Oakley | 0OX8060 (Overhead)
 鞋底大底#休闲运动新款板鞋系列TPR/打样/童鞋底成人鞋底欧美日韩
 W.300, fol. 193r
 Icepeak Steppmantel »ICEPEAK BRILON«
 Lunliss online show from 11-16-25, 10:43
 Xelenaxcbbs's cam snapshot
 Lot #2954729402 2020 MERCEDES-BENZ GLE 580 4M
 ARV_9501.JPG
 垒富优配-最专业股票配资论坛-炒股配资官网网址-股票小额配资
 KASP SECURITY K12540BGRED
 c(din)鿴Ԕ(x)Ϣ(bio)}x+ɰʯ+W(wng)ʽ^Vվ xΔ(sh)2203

- - - - -

PROBLEM TO WORK ON: The "Lot #2954729402 2020" line through the last line above: set these down exactly and add nothing else.

RESPONSE TO THIS EXERCISE:
 Lot #2954729402 2020 MERCEDES-BENZ GLE 580 4M
 ARV_9501.JPG
 垒富优配-最专业股票配资论坛-炒股配资官网网址-股票小额配资
 KASP SECURITY K12540BGRED
 c(din)鿴Ԕ(x)Ϣ(bio)}x+ɰʯ+W(wng)ʽ^Vվ xΔ(sh)2203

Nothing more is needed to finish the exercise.